2. The silage microbial inoculant dispensing apparatus of claim 1, wherein, The connecting frame (201) is slidably connected to the liner (101), and the connecting frame (201) is threadedly connected to the lead screw (301). One end of the lead screw (301) is rotatably connected to the liner (101), and the other end of the lead screw (301) is fixedly connected to the output shaft of the motor B (302). The motor B (302) is fixedly connected to the liner (101).

3. The silage microbial inoculant formulation apparatus of claim 1, wherein, The drive assembly includes a motor A (205), which is fixedly connected to a connecting frame (201), and the output shaft of the motor A (205) is fixedly connected to a stirring drum (202). The motor A (205) is located inside a dustproof ring (204), which is rotatably connected between the connecting frame (201) and the stirring drum (202). It also includes a compaction assembly for compacting the material layer.

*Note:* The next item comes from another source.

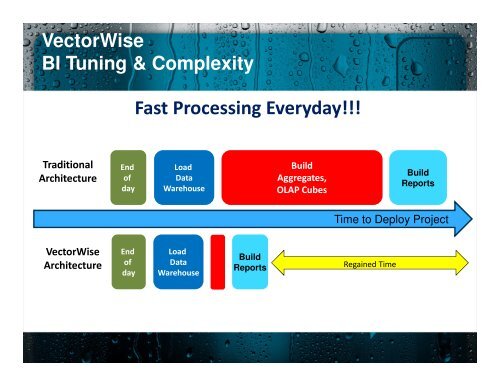 Solving Performance Issues in BI through Purpose-built Analytical ...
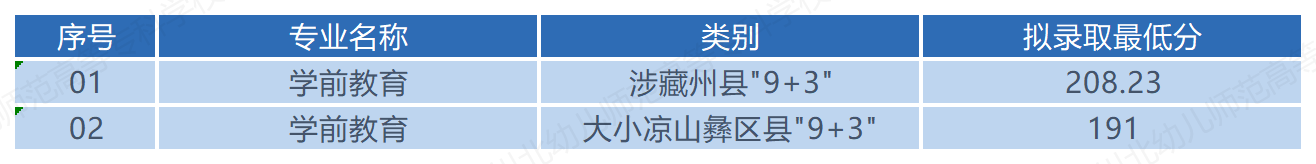 川北幼儿师范高等专科学校2026年“9+3”高职单招拟录分数线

4. The silage microbial inoculant formulation apparatus of claim 3, wherein, The clamping assembly includes a cylinder (207) and a pressure block (208). The cylinder (207) is fixedly connected to a partition (206), the partition (206) is fixedly connected to a connecting frame (201), and the pressure block (208) is fixedly connected to the piston rod of the cylinder (207). It also includes protective components to prevent damage to the piston rod of the cylinder (207).

5. The silage microbial inoculant formulation apparatus of claim 4, wherein, The protective component includes a dust cover (209) which is fixedly connected to a pressure block (208), the inner diameter of which is slightly smaller than the outer diameter of the cylinder (207).

6. The silage microbial inoculant formulation apparatus of claim 1, wherein, The lifting assembly includes a screw (303), which is rotatably connected to a bracket (203) and threadedly connected to a liner (101). The top of the screw (303) is fixedly connected to the output shaft of a motor (304), and the motor (304) is fixedly connected to the bracket (203).

7. The silage microbial inoculant formulation apparatus of claim 1, wherein, The bracket (203) is rotatably connected to multiple pulleys (305) on both sides.

8. The silage microbial inoculant formulation apparatus of claim 7, wherein, A limiting rod (306) is inserted into the pulley (305), and a groove is provided on the bracket (203) at a position corresponding to the limiting rod (306), and the limiting rod (306) is inserted into the groove.